Britain's Times Literary Supplement this month gave a rave review to Inside Out and his poetry book, Reading the River. But great reviews don't create time to write, said Adamson at his house on the Hawkesbury River, where he fishes for bream and poetic inspiration.
When his fellowship application failed last year, "I was devastated. I rang the Literature Board and went off my head." Now he can work on a poetry collection commissioned by a Chicago publisher and The Goldfinches of Baghdad, a book of poems with etchings by the artist Gary Shead.
His new autobiography will follow the growth of his poetry, his drug-fuelled friendship with Brett Whiteley, the collapse of his first marriage and his alcoholism that ended with marriage to the photographer Juno Gemes.
The Literature Board gave a total of $1.93 million to 90 out of 475 applicants in its annual round of funding last week.

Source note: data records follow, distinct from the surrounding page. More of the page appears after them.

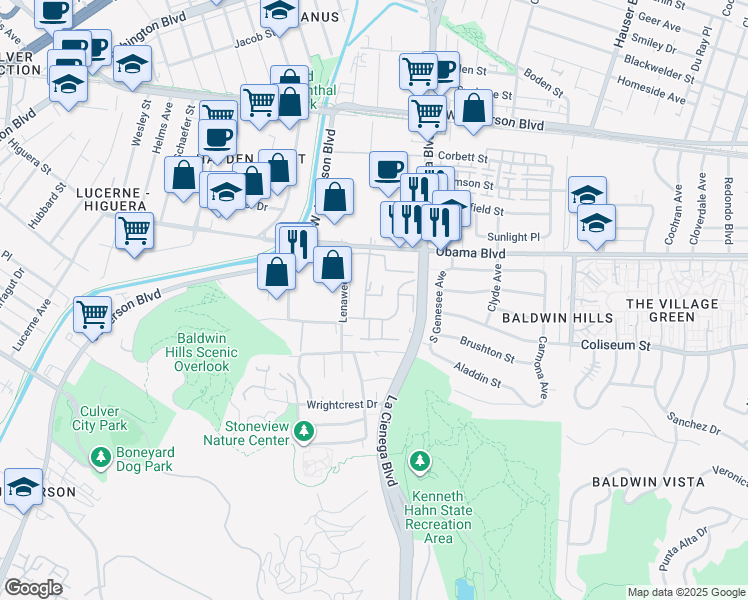 map of restaurants, bars, coffee shops, grocery stores, and more near 5837 Bowcroft Street in Los Angeles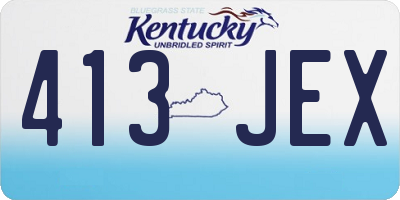 KY license plate 413JEX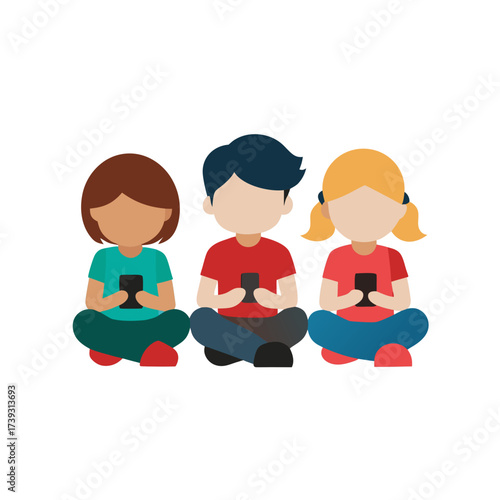 Three diverse children engrossed in their smartphones while sitting cross legged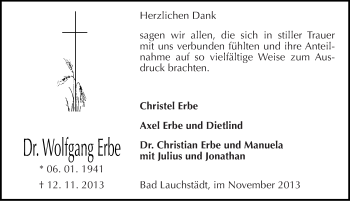 Traueranzeige von Wolfgang Erbe von Mitteldeutsche Zeitung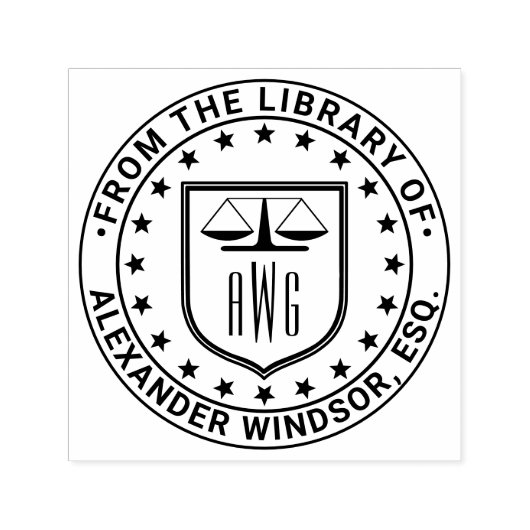 弁護士のための正義の天秤 #3 法律図書館の本 セルフインキングスタンプ (デザイン)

Grants mean survival for many of our most successful writers.
Henry Reynolds, the prominent Tasmanian historian, and Alex Miller, an award-winning author of seven novels, also received $80,000 fellowships - the top level of funding for writers who have "made a significant contribution to Australian literature".
English-born Miller, 67, will research and write a novel based on Cullin-la-Ringo, a Queensland station set up by an idealistic family who died in the 1860s war between settlers and Aborigines.
Reynolds, 66, will write about racial segregation in Australia from 1901 to 1961.
Miller said his fellowship was equivalent to an entry-level wage, and that only Australia and Spain taxed grants and prizes.